Bouquets and Brickbats

Nancy Johnson concedes, but not graciously

letters@thetribunenews.comJune 20, 2014 

Nancy Johnson

JOE JOHNSTON — jjohnston@thetribunenews.com Buy Photo

For not fighting until the bitter end, we toss a bouquet of sweet peas to Morro Bay City Councilwoman Nancy Johnson, who conceded to challenger John Headding this week.

Headding, you may recall, needed 50 percent plus one in the June primary to win a council seat outright. He came tantalizingly close, but there was a pesky question of what to do about 123 Morro Bay ballots that had not been marked for council candidates. If they had been included in the count, Headding would not have won a majority and the race would have headed to a runoff in November.
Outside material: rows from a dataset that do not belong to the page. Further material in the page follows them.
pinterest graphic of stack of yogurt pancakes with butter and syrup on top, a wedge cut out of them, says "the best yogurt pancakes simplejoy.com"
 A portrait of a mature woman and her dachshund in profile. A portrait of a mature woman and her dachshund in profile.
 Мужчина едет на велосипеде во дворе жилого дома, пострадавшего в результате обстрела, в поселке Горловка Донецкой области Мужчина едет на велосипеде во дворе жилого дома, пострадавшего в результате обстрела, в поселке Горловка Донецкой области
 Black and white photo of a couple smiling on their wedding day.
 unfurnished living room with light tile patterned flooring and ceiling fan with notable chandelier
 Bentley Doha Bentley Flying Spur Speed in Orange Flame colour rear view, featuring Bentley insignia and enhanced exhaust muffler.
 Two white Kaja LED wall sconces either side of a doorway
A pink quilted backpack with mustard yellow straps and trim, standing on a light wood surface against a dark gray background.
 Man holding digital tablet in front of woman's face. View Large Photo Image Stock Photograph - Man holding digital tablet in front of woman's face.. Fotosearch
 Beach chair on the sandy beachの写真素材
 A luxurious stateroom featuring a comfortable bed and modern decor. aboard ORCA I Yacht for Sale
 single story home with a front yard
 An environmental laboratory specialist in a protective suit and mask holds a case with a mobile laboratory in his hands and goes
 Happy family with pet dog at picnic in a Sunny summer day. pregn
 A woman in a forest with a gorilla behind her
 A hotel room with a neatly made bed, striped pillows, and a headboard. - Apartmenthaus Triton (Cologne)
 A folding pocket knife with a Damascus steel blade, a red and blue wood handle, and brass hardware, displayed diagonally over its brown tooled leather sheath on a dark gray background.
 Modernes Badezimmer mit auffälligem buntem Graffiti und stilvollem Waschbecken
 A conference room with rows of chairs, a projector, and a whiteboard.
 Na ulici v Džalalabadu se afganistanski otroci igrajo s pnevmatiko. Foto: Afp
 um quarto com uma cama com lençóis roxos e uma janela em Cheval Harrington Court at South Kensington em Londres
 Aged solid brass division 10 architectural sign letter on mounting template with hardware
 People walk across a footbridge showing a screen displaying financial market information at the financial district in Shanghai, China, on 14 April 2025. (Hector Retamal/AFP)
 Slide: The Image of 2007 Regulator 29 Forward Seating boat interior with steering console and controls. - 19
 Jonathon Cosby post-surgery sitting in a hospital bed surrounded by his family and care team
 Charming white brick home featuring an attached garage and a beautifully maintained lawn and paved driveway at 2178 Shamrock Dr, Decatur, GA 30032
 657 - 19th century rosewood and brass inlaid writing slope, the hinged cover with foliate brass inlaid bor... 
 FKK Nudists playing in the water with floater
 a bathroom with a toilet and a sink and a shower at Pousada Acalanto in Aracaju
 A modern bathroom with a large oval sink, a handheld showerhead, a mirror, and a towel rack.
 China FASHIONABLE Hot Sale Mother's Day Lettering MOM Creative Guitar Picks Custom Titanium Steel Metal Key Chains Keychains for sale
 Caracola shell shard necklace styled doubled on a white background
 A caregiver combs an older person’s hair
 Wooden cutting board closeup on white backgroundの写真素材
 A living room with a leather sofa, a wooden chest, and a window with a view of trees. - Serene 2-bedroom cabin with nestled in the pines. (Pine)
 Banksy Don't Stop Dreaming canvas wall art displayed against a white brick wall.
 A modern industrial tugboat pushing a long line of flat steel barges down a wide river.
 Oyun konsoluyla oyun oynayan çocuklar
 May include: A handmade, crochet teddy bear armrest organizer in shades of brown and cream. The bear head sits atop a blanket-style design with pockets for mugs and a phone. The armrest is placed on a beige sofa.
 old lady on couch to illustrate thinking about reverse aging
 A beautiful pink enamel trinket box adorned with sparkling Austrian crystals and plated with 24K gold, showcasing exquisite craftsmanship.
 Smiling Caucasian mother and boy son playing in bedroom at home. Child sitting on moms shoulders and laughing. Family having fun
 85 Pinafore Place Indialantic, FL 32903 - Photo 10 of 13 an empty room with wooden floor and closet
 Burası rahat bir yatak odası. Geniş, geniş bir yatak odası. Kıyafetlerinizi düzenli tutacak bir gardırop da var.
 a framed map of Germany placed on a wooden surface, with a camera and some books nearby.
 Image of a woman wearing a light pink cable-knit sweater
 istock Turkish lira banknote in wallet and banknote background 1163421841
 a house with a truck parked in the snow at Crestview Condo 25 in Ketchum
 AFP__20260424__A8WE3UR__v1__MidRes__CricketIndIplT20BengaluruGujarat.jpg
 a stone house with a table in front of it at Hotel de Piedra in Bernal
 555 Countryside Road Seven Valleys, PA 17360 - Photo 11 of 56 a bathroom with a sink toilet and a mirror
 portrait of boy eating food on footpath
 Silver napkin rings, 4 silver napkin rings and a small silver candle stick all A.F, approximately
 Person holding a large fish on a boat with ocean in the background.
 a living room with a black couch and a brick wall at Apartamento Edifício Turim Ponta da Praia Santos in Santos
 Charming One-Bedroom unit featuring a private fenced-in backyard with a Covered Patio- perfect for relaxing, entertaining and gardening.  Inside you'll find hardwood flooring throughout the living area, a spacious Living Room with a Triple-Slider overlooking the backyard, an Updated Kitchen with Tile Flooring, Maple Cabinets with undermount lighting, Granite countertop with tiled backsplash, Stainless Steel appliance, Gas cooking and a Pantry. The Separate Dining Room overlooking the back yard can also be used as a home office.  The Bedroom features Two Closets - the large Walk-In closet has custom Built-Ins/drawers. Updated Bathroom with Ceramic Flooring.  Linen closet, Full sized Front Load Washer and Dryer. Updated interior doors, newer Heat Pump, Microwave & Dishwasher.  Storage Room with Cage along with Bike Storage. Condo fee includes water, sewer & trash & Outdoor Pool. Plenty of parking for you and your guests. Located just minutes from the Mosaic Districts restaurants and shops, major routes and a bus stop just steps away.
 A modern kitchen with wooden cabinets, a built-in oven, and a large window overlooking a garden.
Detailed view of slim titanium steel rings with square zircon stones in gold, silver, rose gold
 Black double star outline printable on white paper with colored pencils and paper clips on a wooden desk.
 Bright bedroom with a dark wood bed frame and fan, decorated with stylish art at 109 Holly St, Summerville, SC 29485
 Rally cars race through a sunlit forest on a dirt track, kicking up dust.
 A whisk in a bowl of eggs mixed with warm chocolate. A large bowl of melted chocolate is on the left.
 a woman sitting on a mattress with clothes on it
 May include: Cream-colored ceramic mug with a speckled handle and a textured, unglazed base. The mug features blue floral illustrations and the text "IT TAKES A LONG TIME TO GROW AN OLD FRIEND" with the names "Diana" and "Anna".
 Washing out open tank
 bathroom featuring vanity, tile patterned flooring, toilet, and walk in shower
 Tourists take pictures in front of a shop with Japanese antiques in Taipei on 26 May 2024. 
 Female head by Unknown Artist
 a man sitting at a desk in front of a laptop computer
Rather than drag things out and subject the city to the expense of another council election, Johnson bowed out.

As it turned out, Morro Bay’s interim city attorney later determined the 123 ballots should not be counted, which meant Headding would have been declared the winner anyway. Still, we appreciate Johnson’s gesture. But did she really have to go on and on about the “deviousness” of local politics and allege that a “political machine” is operating in Morro Bay?

For not taking the high road, we add a few sour grape vines to Johnson’s sweet bouquet.

Yosemite expansion at risk

A boulder-sized brickbat is en route to Rep. Tom McClintock, who is standing in the way of purchasing land to expand Yosemite National Park by 1,500 acres. As reported in a San Jose Mercury News article published in Thursday’s Tribune, the expansion is in jeopardy because the nonprofit conservation group that owns roughly half the property (owners of the remaining portion also have indicated a willingness to sell) plans to sell by the end of the year if the federal government fails to move forward with the purchase.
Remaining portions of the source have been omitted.